Testing Magika
Google recently announced the release of Magika, an “AI-powered file-type identification system”. I tested this on a corpus of nearly 125k files to see how it fared.
Why?
File type detection is useful in a number of places, such as:
- Anti-spam - detecting unwanted attachments, for example those with executable content.
- Website uploads - allowing certain types of content whilst avoiding others.
- Malware reverse engineering - determining what actions to run on a particular file.
Some of these use cases are speed sensitive. For example anti-spam measures typically need to run within the SMTP session (e.g. in seconds) and users want timely feedback when uploading documents to a website. Others are more forgiving, and can potentially run in a slower pipeline.
Tools for file type identification have been around for a long time, for example TRiD and file. I was specifically interested in Magika as a new approach to a problem that has various challenges. It also has a Python API, making it easy to build into other tools.
The test bench
All tests below were run inside a virtual machine on commodity hardware. The VM had access to 2 cores of an Intel CPU1 and 2GB RAM. The files were stored on a consumer solid-state drive.
This environment was chosen purposefully. It would be cheap and easy to spin up a powerful cloud compute instance with 16 cores and thousands of IOPs2. However, accurate and fast detection of file types is useful in lots of places, including on laptops and in containerised workflows.
All tests were repeated a small number of times, to minimise the effects of caching or other system load. No significant deviation from the figures below was observed, but the results are not presented as scientific.
The corpus
The files chosen for testing are attachments collected over the past few years from a spam sinkhole. The data totalled 6.1GB in 124,791 files. File sizes are dominated by two buckets at 16KB-32K and 64KB-128KB, as seen below.
All files are named with their SHA256 hash - none have file extensions or any other metadata that might be useful for type detection.
Using file
Before testing Magika it’s helpful to have a baseline.

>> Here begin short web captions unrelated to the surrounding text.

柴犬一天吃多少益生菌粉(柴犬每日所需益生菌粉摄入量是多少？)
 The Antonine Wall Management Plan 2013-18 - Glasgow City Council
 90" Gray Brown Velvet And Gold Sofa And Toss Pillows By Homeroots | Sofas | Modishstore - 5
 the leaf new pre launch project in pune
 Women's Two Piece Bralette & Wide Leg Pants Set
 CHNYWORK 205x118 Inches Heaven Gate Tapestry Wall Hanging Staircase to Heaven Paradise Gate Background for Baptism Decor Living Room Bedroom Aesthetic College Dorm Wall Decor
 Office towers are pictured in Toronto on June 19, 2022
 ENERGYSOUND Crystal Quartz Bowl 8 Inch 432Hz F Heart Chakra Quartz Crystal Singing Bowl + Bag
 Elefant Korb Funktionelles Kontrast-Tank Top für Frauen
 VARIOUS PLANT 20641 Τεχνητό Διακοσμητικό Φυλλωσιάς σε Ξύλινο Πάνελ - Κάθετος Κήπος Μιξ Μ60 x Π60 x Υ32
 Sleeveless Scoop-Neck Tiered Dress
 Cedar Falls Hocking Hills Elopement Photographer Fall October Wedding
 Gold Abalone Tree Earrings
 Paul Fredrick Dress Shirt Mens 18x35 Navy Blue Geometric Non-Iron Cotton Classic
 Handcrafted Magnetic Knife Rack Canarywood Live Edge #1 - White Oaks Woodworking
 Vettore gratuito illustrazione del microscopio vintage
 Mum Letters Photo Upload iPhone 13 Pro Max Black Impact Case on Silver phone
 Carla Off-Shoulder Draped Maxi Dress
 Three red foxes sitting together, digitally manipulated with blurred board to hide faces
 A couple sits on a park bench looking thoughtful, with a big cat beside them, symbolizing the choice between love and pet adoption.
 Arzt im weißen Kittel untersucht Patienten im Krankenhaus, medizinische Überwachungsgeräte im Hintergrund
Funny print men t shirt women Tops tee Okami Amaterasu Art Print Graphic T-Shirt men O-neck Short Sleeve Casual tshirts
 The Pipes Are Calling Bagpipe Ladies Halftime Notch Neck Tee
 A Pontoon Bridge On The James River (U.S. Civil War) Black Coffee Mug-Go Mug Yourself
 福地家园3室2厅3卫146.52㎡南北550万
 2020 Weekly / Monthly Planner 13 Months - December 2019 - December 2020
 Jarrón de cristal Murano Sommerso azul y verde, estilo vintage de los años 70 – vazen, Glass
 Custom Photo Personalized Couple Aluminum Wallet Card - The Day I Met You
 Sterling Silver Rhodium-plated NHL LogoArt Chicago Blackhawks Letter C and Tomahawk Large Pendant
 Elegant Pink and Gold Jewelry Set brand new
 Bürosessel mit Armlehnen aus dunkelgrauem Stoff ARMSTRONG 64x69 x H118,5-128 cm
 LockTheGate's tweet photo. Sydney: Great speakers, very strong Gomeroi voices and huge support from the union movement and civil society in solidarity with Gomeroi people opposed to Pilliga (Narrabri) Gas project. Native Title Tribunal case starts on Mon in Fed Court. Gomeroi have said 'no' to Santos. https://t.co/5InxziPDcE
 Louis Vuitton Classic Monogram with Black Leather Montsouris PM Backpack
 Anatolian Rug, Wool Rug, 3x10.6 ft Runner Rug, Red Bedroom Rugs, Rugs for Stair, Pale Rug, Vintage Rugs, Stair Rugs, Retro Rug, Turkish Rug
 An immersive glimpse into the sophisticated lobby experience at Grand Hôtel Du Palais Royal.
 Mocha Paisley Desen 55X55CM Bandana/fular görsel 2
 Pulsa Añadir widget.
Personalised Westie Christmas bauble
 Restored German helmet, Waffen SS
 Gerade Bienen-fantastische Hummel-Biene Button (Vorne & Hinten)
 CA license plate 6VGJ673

The virtual machine used has file
version 5.443.
Running file
takes just over a minute across the data4:
$ time find . -type f | file --extension -f - > ~/magic-results.txt
15.56s user 7.31s system 29% cpu 1:16.85 total
As the corpus comes from spam email it’s no surprise that ~98% are PDF files according to file
(122,768 total).
Excluding the PDF files, the suggestion from file
for the remainder is:
Values marked ???
are outliers that I chose not to correct when compiling the statistics. The majority of these are ZIP files which file
correctly identified. However, file
did not suggest an extension. This may or may not be relevant to a specific use-case for file type detection.
Using Magika
For the tests I used Magika version 0.5.1 with the model standard_v1
(the latest at the time of writing). The model has labels for 115 content types, plus an extra labelled unknown
. In contrast the version of file
used for testing has a magic database with approximately 3,549 patterns across 2,738 file types5.
Running the magika
executable takes 22 minutes:
$ magika -r . --json > ~/magika-results.json
2203.23s user 20.81s system 166% cpu 22:19.53 total
Some of the speed difference can likely be explained by the implementation of Magika in Python, rather than C. Many of the underlying libraries such as numpy are C code but the transition from Python to C will prove to be a bottleneck. However, this is ~17x slower than file
- a significant difference.
An example of the JSON output from Magika is shown below.
{
"path": "<filename>",
"dl": {
"ct_label": "outlook",
"score": 0.4435848295688629,
"group": "application",
"mime_type": "application/vnd.ms-outlook",
"magic": "CDFV2 Microsoft Outlook Message",
"description": "MS Outlook Message"
},
"output": {
"ct_label": "unknown",
"score": 0.4435848295688629,
"group": "unknown",
"mime_type": "application/octet-stream",
"magic": "data",
"description": "Unknown binary data"
}
}
Native JSON output is very convenient and easy to parse, including at the command line with tools like jq
.
In the example above the file was detected by the model as an email message in Outlook format. However, the confidence score of 44.36% was not high enough and the match was not reported. The --prediction-mode
option can be used to change this.
Ignoring PDF files, Magika provided a suggestion for all except 11 files. One of these was an empty file which was accidentally included in the corpus and discovered during testing6.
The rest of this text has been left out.